Au résultat de la position exprimée par l’Assemblée plénière, il apparaît clairement que la clause statutaire fixant les conditions d’adoption d’une décision soumise au vote des associés peut retenir le niveau majoritaire de son choix à la condition qu’il représente « au moins la majorité des voix exprimées », selon la formulation figurant dans l’arrêt. Ce seuil majoritaire, dont le minimum est de 50 % des voix exprimées, peut être placé à une hauteur librement déterminée par la clause statutaire qui serait prévue à ce propos. La formulation fait, toutefois, naître une interrogation quant à la possibilité de n’exiger, pour qu’une décision collective puisse être considérée comme adoptée, que la constatation d’une majorité relative et non point absolue, c’est-à-dire qui, sans atteindre au moins 50 % des voix exprimées, réunit un nombre total de voix favorable à la décision en cause supérieur à celui résultant des voix exprimées à son encontre. En d’autres termes, une décision collective peut-elle être considérée comme valablement adoptée si elle recueille un pourcentage de voix supérieur à celui qui reflète les votes contre ? Cette question avait été identifiée à propos de l’arrêt de la Chambre commerciale du 19 janvier 2022 [11] et la décision de l’Assemblée plénière semble bien écarter que l’on puisse s’en tenir à une majorité relative [12]. Si l’approche rigoureuse peut être justifiée en ce qu’elle conduit à ce qu’au sein d’une SAS aucune décision collective ne pourra être adoptée si elle n’emporte pas au moins l’accord de plus de 50 % des voix exprimées, ce qui est de nature à renforcer la cohésion des membres de la société et éviter le développement de contentieux, on peut aussi considérer qu’elle réduit fortement la souplesse de fonctionnement qui résulterait d’une clause prévoyant l’adoption d’une décision collective dès lors qu’elle réunit à son propos un nombre supérieur de voix – donc une majorité – par rapport à celles exprimées à son encontre [13].
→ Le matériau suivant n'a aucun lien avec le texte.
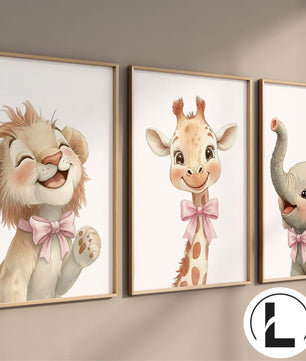 Cuadros Decorativos infantiles Modernos animales ilustracion niña moño rosado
Pour autant, à la lecture de l’arrêt rapporté, et par prudence, sans doute faut-il retenir qu’une décision émanant des associés d’une SAS ne peut être valablement adoptée que si elle réunit au moins la majorité des voix exprimées. Il convient, dès lors, de tenter d’en tirer les conséquences.
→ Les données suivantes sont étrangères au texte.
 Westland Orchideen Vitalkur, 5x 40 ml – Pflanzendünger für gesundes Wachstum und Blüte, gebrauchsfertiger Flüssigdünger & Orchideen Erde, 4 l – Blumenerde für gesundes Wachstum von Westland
II. Les conséquences de l’exigence d’un vote majoritaire
C’est, bien sûr, au regard du régime juridique applicable aux décisions collectives prises au sein d’une société par actions simplifiée que l’impact de la position adoptée par la Haute juridiction doit d’abord être évalué.
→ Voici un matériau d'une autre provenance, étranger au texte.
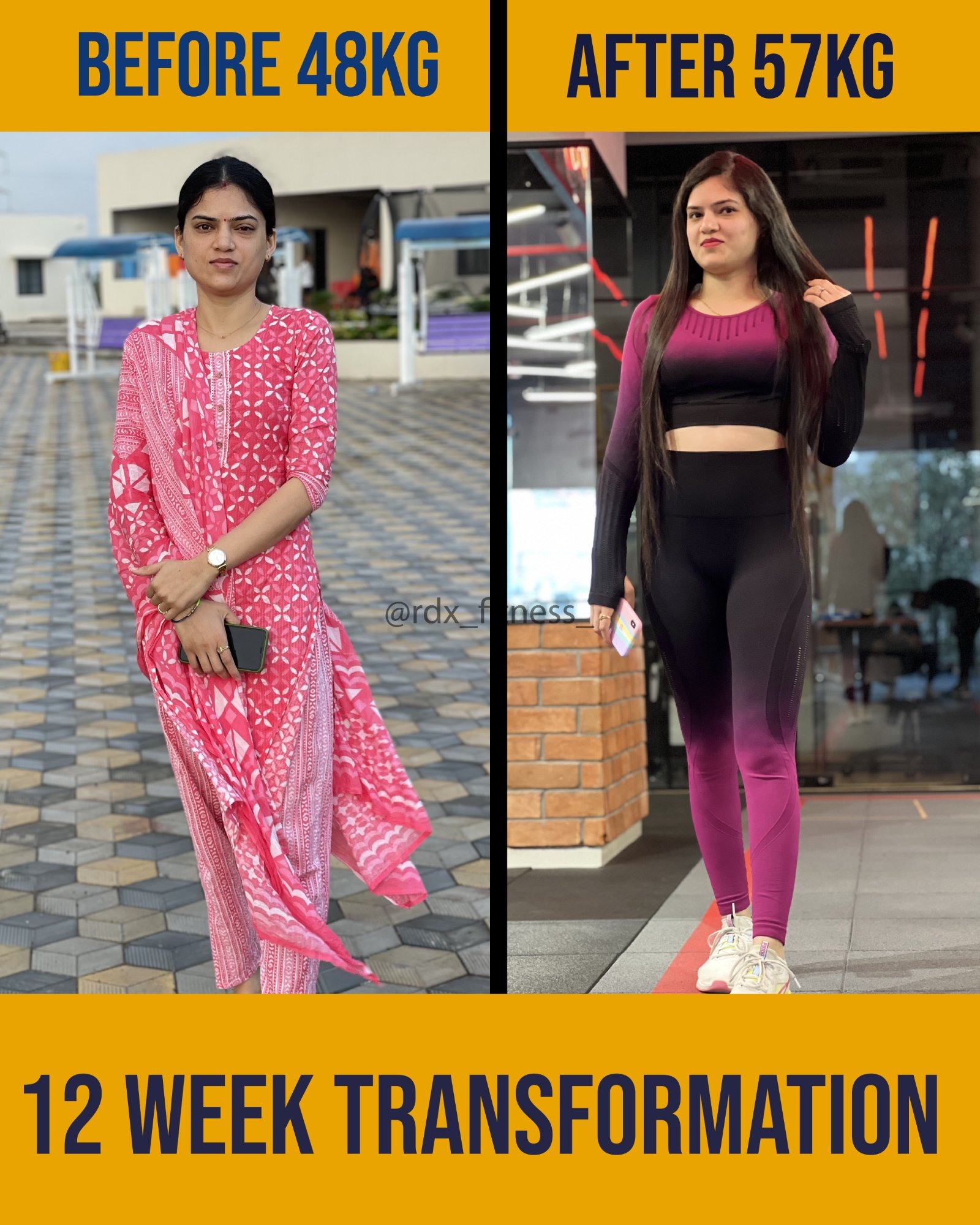 48kg → 57kg · Body Recomp · 12 Weeks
Dès lors que la Cour de cassation déclare, au visa de l’article 1844-10, alinéas 2 et 3, du Code civil N° Lexbase : L8683LQN, que toute clause statutaire contraire à la position qu’elle retient est « réputée non écrite », et qu’une décision qui aurait été adoptée sur une telle base statutaire doit être annulée, il conviendra, en pratique, d’apporter une attention particulière aux statuts régissant les SAS déjà constituées. Si une telle clause y figure, il faudra que les associés soient informés de son ineffectivité et peut-être de l’opportunité de procéder à une modification des statuts adéquate. La démarche devrait consister à modifier la stipulation relative aux conditions d’adoption de la décision, afin de la rendre conforme aux exigences de l’arrêt rapporté ; à défaut, puisqu’il s’agit d’une décision qui doit être prise par la collectivité des associés, l’unanimité devrait être requise, faute d’une mention particulière valable à propos des conditions relatives à l’expression des votes. Pour les SAS qui seront constituées à compter de la publication du présent arrêt, la consigne devra être suivie de ne pas faire figurer des clauses relatives à l’adoption de décisions collectives qui ne supposeraient pas un vote majoritaire.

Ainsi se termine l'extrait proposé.